As an example is copying standard functions: memcpy, memmove. Some regions may/may not overlap.

In this case what if we have some aligned/unaligned buffer as input? in some cases we cannot "and eax, -16" and "movdqa/movaps" - we'll have to movdqu/movups. And what's length known/unknown? The firs zero byte is signaling - then only byte access allowed in this case. Boundaries before and after, crossing the 16 byte alignment and cache.
String start =15
size = 19
String end = 33
how to work this situation out? 2 boundaries crossed /16, 32/. How to load it? Using unaligned and most common way with tail cases processing or else... with common GPR processing for head and tail or else...?
Russia is a weird place

KeepingRealBusy

Here is a procedure, WordAlign, that will align an unaligned (odd BYTE bound) Wide Character string.
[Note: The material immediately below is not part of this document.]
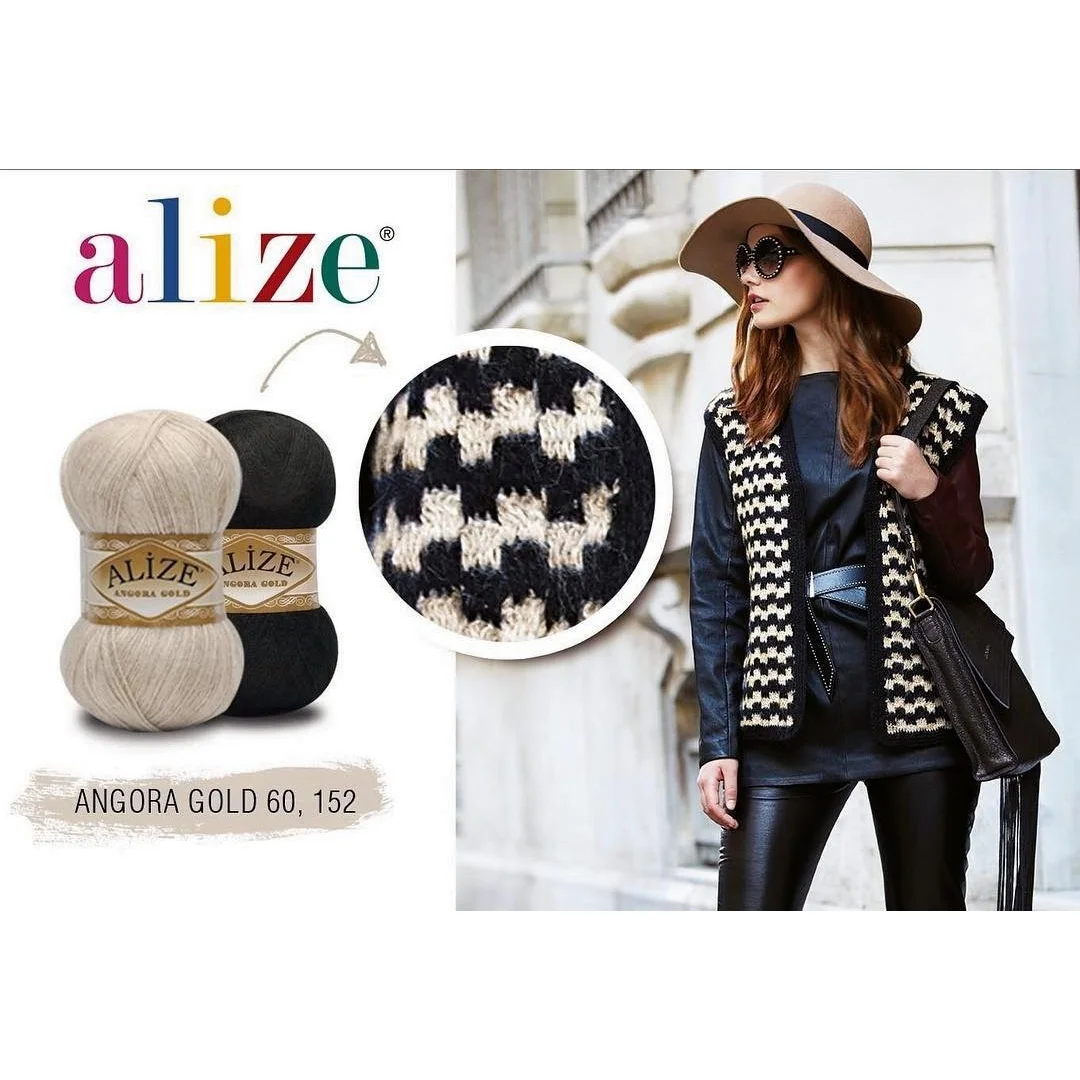 Австралийская Ангорская Золотая 100 г мохеровая пряжа для резьбы рукоделия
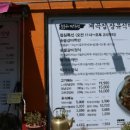 진심갈비 - 김포시 김포한강8로194번길 8-25 | 진심갈비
I even tested with the wcs_ routine, at least CRT__wcscpy, CRT__wcscmp, CRT__wcschr, and they all worked correctly. I had examined the crt source code and it all appeared to be just Wide Character oriented. Where is there any restriction documented. It all seems to work on BYTE bounds.

This is not my final version of WordAlign, still some cleanup to remove stalls, but as coded here, the logic is more readable.

Enjoy,

Dave.

ecube

Why not just use SEH to check for faults? idk how slow SEH is, but it'd get'r done  :U

Rockoon

Exceptions are for exceptional events, and only ones that the local procedure can't handle and are otherwise unwieldy to transmit back to the caller through normal return mechanics.

If your code is *expecting* an exception, there is something wrong.
When C++ compilers can be coerced to emit rcl and rcr, I *might* consider using one.

dedndave

i have noticed - that's the way C programmers do it - lol
they catch everything with an exception handler